_DESCRIPTION OF THE TASK:_
From the listing that follows, reproduce only the lines from the one holding "كيفية التخلص من النمش" through the one holding "SDS-PAGE Analysis of", both included, with no pictures.

_GIVEN ENTRIES:_
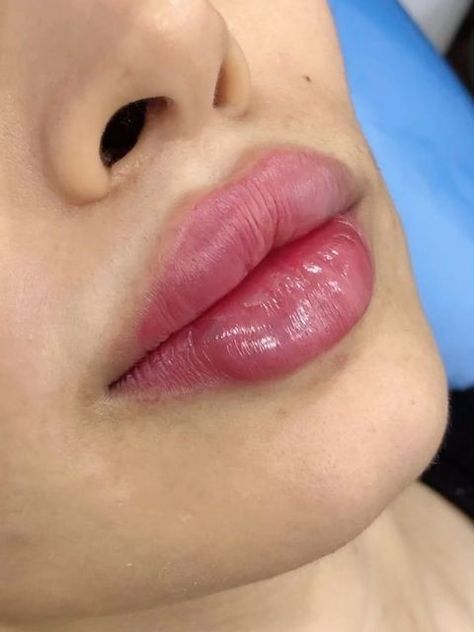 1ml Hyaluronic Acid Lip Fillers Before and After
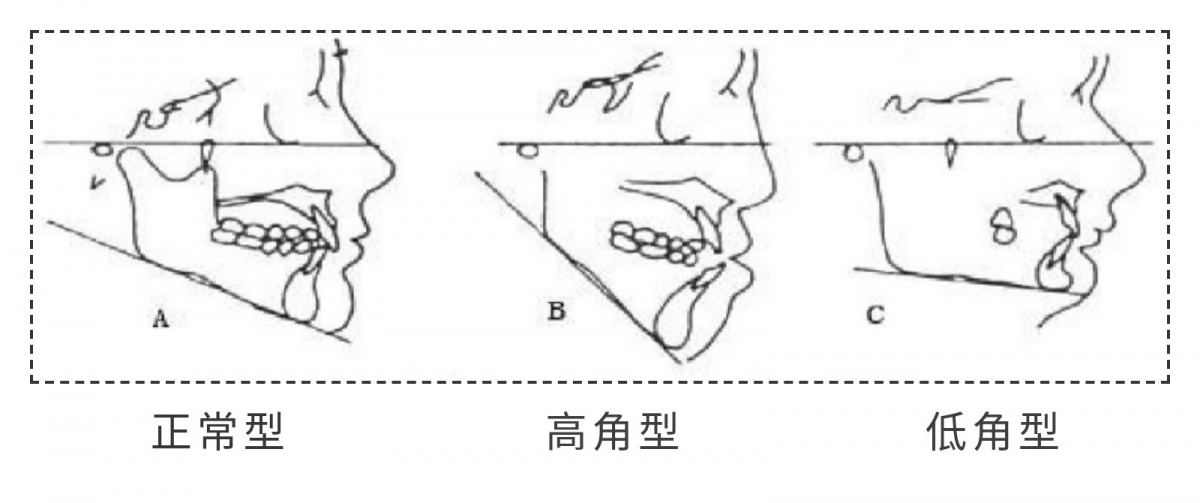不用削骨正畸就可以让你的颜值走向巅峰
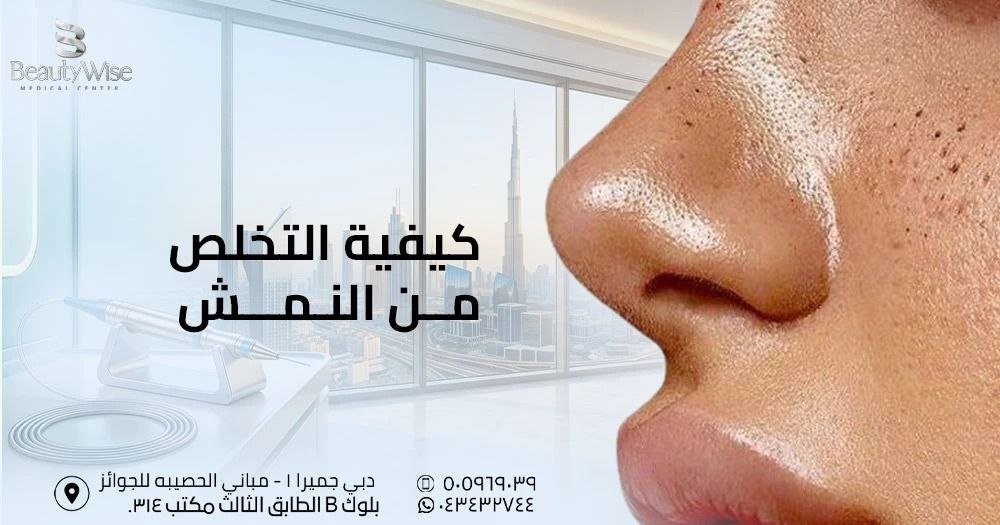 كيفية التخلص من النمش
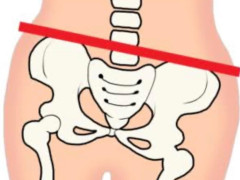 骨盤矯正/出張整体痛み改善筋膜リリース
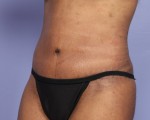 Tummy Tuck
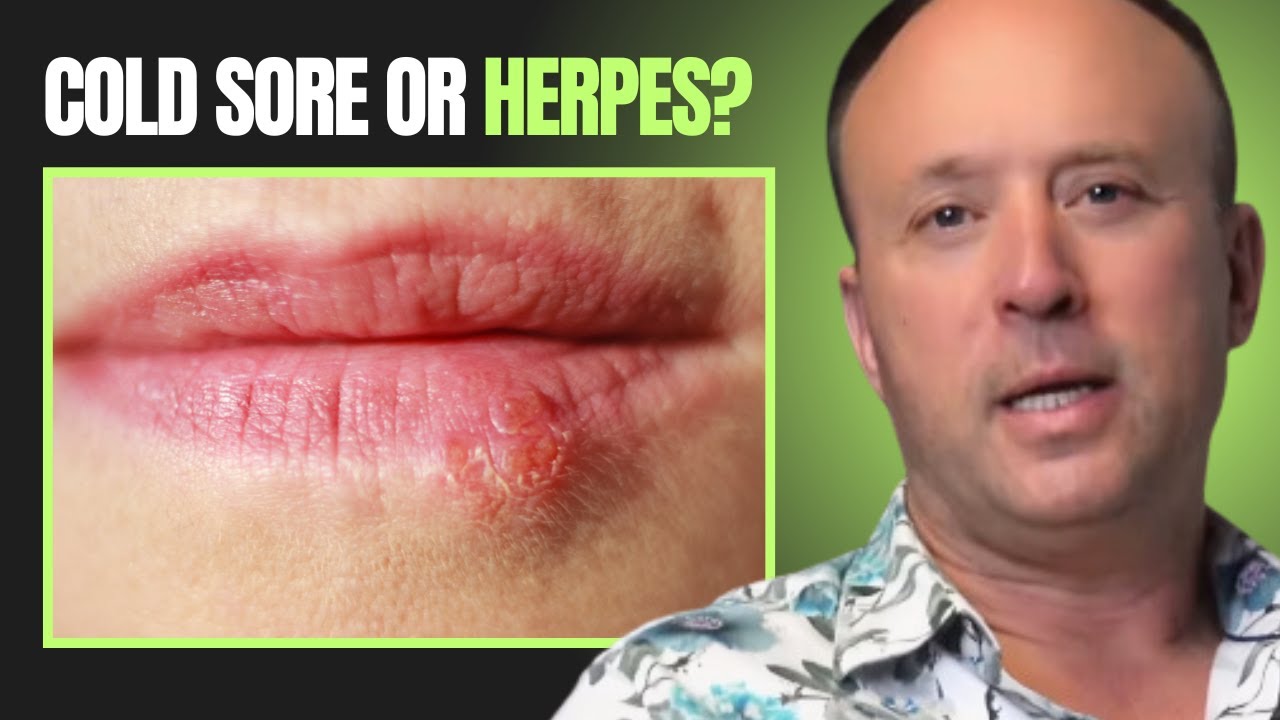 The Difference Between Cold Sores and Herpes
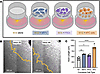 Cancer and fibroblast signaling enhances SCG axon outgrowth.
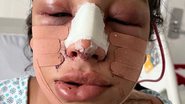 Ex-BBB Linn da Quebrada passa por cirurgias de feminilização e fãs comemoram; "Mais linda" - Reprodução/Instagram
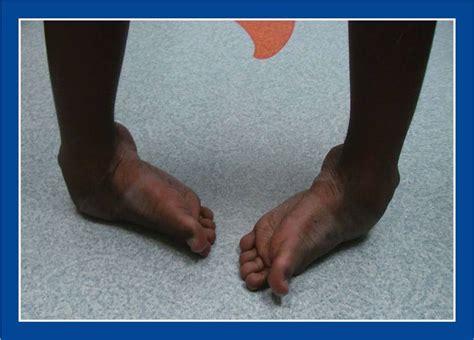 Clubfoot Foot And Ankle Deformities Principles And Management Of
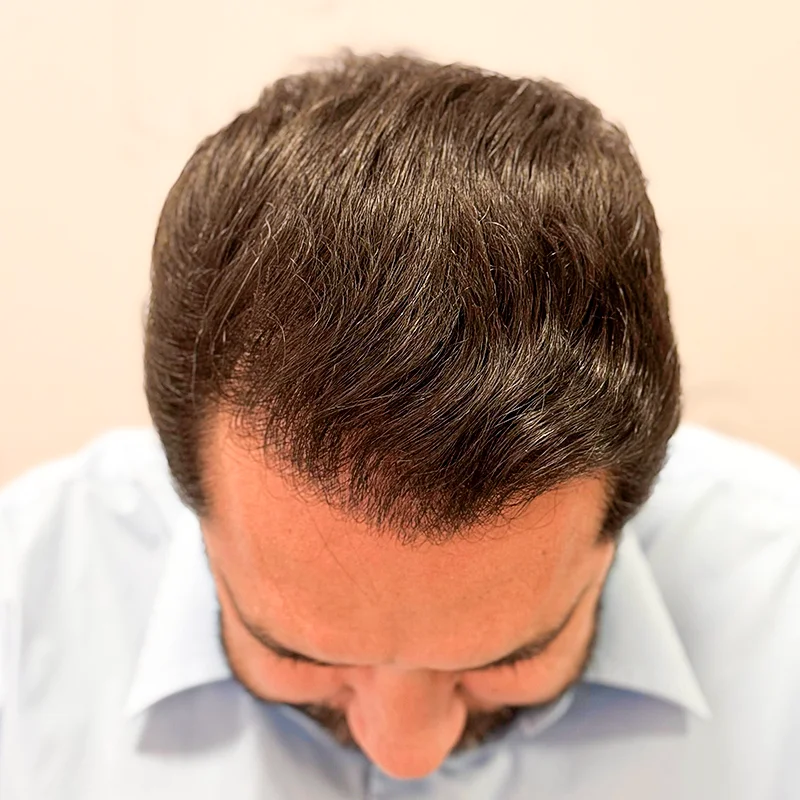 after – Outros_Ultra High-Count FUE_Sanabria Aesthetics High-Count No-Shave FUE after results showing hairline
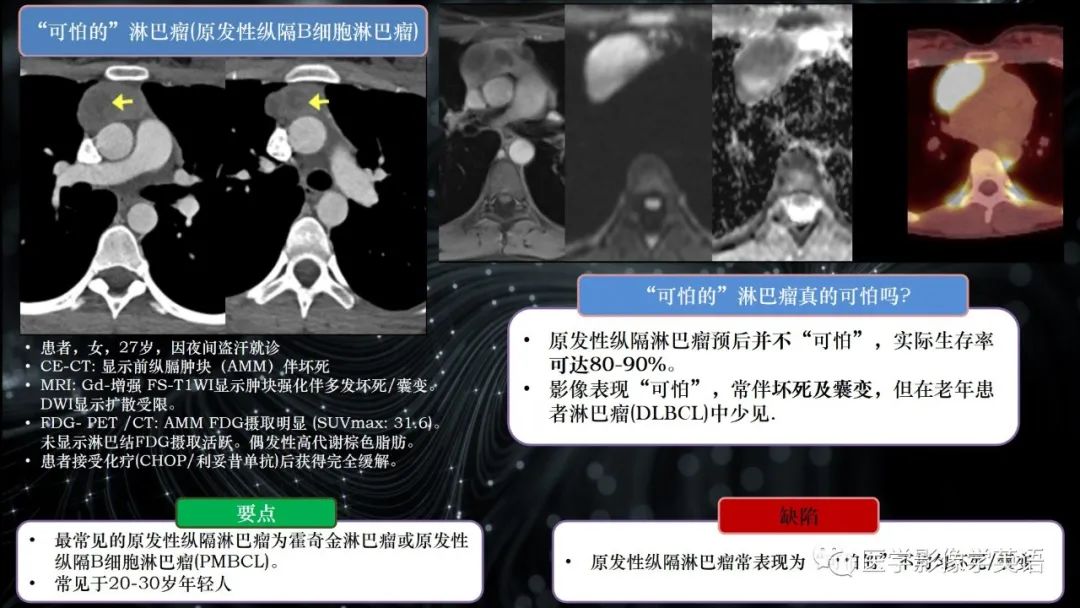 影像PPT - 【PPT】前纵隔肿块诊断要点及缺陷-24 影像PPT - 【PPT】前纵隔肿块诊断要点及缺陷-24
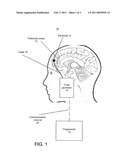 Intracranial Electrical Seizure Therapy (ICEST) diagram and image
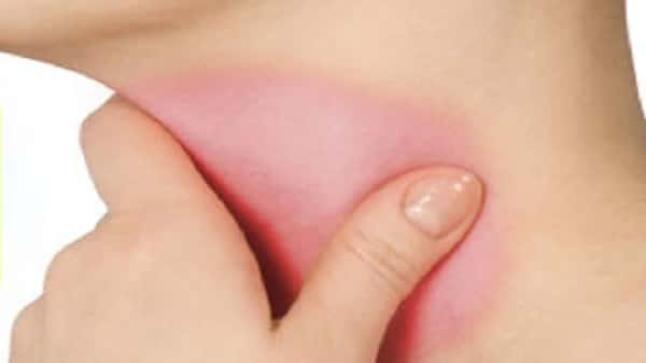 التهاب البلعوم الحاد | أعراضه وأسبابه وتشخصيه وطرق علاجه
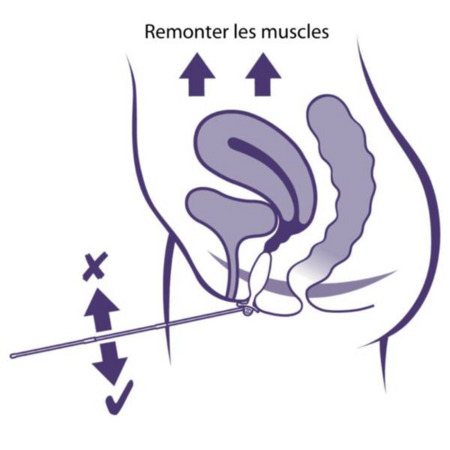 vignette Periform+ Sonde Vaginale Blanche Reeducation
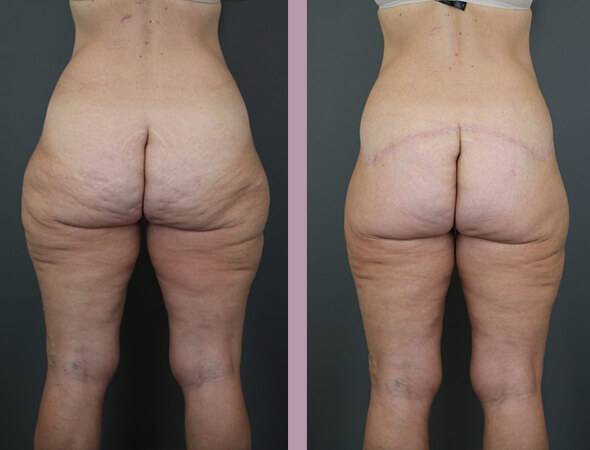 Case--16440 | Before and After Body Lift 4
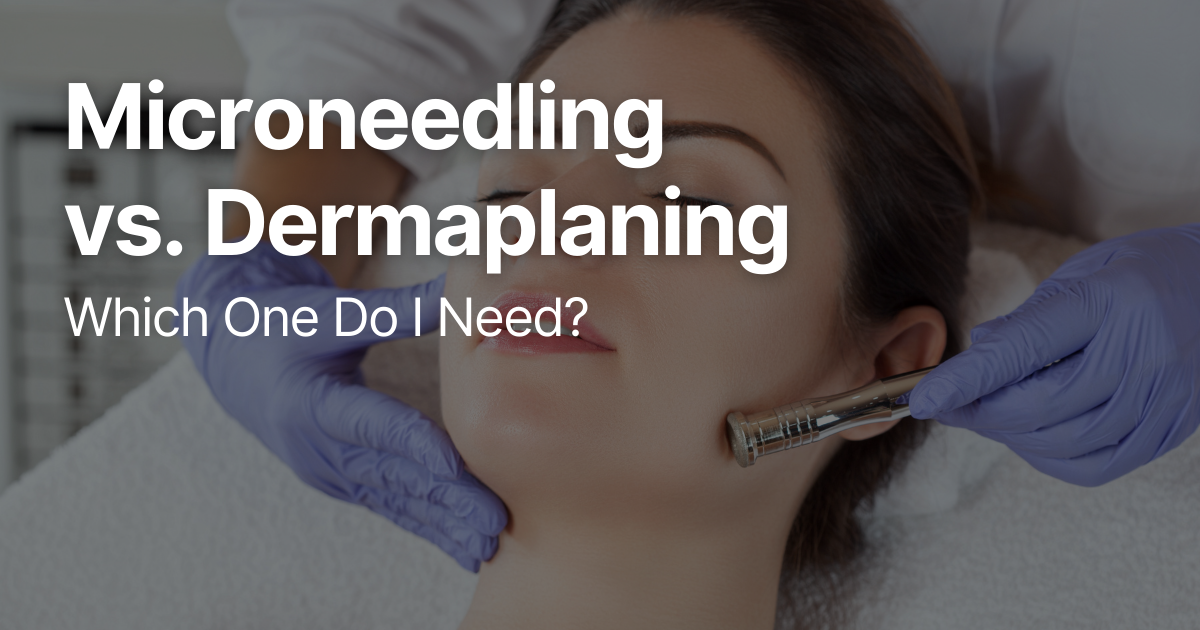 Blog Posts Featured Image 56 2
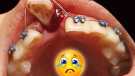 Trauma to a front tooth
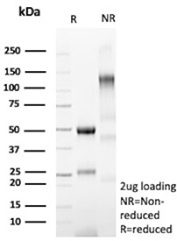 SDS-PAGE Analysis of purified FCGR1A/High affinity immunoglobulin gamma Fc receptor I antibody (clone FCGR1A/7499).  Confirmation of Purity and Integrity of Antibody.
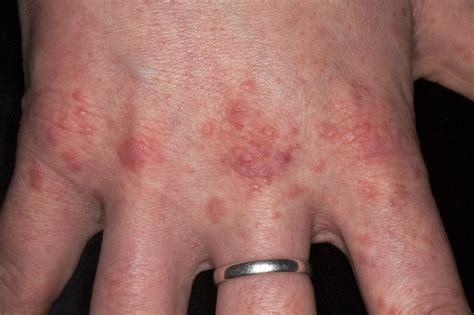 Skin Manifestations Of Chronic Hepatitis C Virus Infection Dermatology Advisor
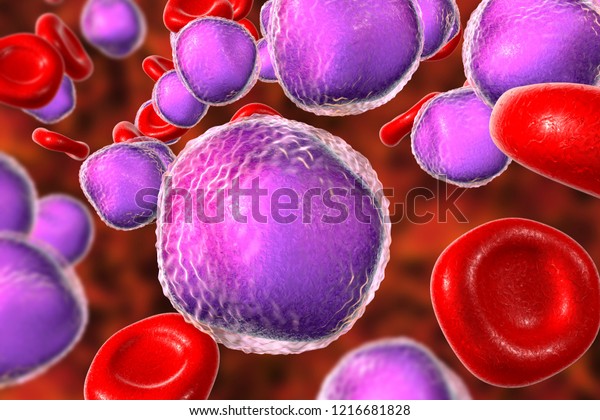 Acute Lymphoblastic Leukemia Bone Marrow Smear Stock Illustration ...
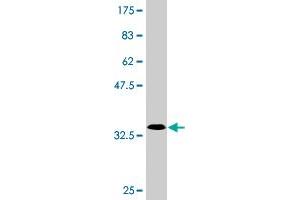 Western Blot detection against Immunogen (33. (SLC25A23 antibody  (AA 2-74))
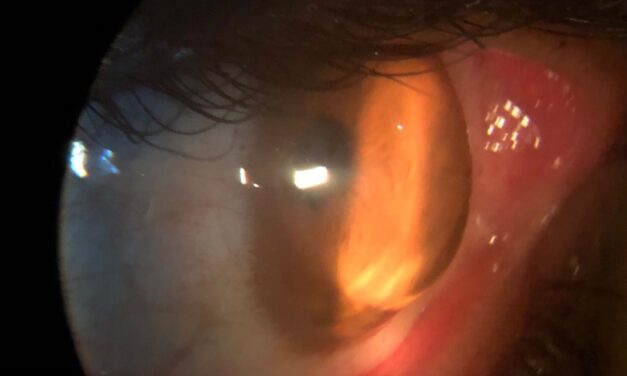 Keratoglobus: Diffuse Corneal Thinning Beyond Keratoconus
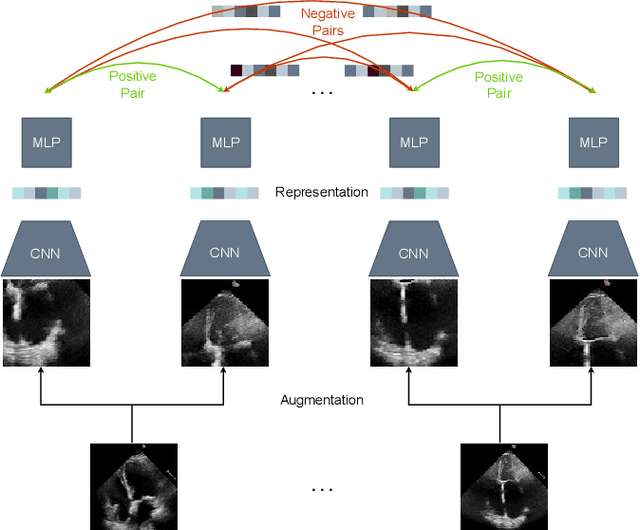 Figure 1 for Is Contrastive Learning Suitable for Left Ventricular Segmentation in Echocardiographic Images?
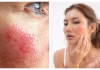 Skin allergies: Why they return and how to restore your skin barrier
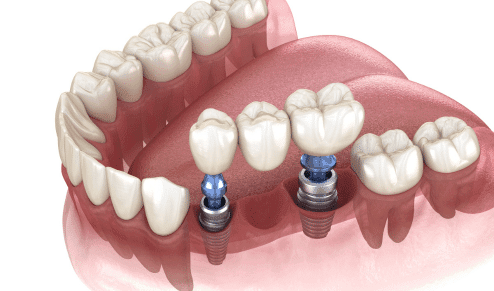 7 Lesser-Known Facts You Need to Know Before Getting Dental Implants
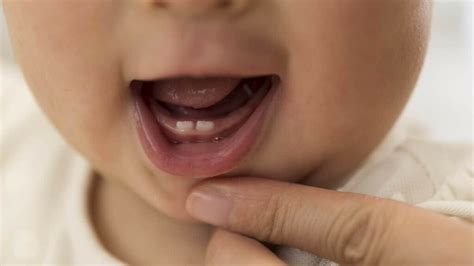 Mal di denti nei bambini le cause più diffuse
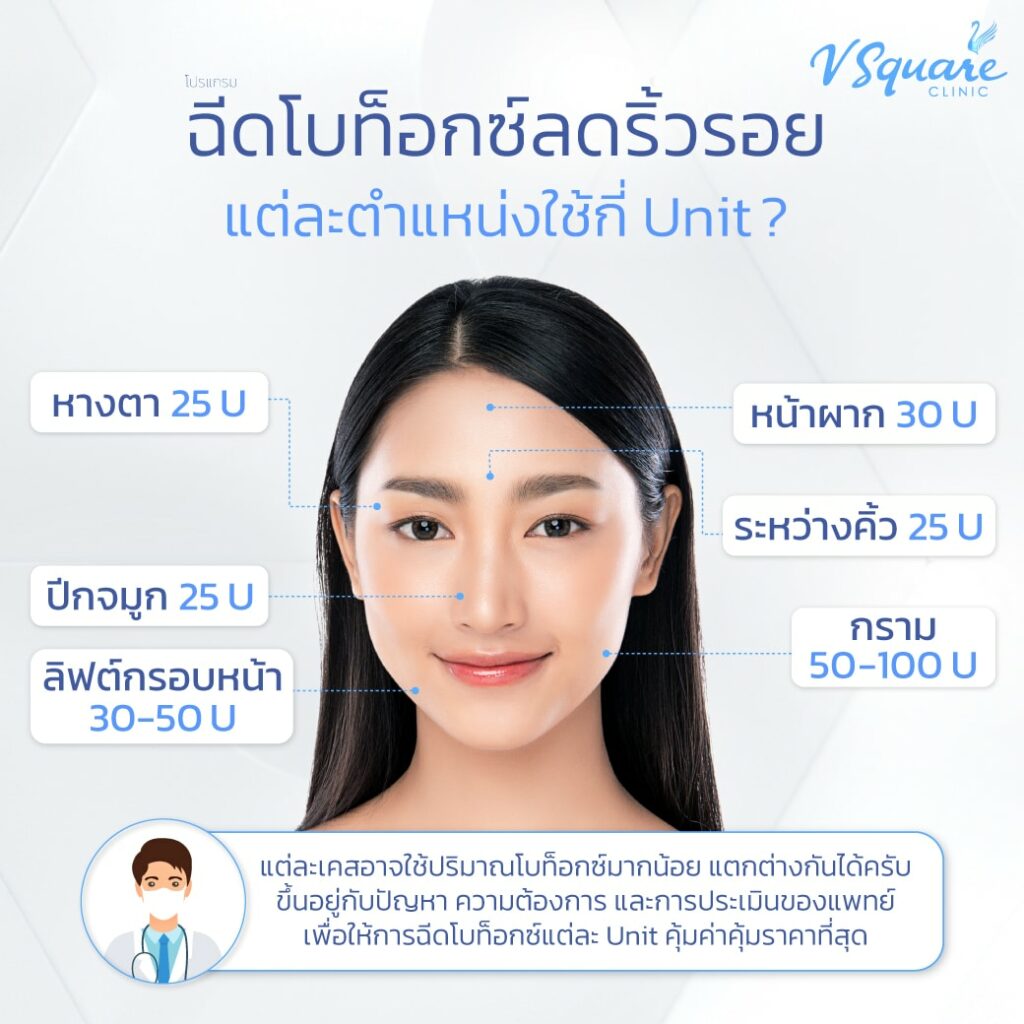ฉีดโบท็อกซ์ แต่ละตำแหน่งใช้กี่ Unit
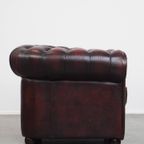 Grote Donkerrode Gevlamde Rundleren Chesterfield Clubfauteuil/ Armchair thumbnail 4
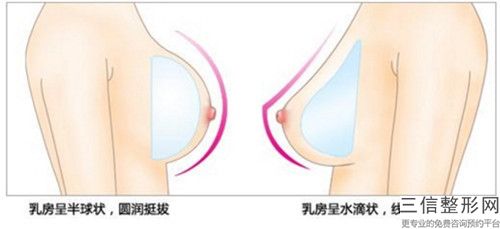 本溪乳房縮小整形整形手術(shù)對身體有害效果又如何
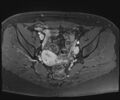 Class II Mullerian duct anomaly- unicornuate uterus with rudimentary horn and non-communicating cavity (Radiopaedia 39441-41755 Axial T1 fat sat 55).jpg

_ANSWER TO THE PROBLEM:_
 كيفية التخلص من النمش
 骨盤矯正/出張整体痛み改善筋膜リリース
 Tummy Tuck
 The Difference Between Cold Sores and Herpes
 Cancer and fibroblast signaling enhances SCG axon outgrowth.
 Ex-BBB Linn da Quebrada passa por cirurgias de feminilização e fãs comemoram; "Mais linda" - Reprodução/Instagram
 Clubfoot Foot And Ankle Deformities Principles And Management Of
 after – Outros_Ultra High-Count FUE_Sanabria Aesthetics High-Count No-Shave FUE after results showing hairline
 影像PPT - 【PPT】前纵隔肿块诊断要点及缺陷-24 影像PPT - 【PPT】前纵隔肿块诊断要点及缺陷-24
 Intracranial Electrical Seizure Therapy (ICEST) diagram and image
 التهاب البلعوم الحاد | أعراضه وأسبابه وتشخصيه وطرق علاجه
 vignette Periform+ Sonde Vaginale Blanche Reeducation
 Case--16440 | Before and After Body Lift 4
 Blog Posts Featured Image 56 2
 Trauma to a front tooth
 SDS-PAGE Analysis of purified FCGR1A/High affinity immunoglobulin gamma Fc receptor I antibody (clone FCGR1A/7499).  Confirmation of Purity and Integrity of Antibody.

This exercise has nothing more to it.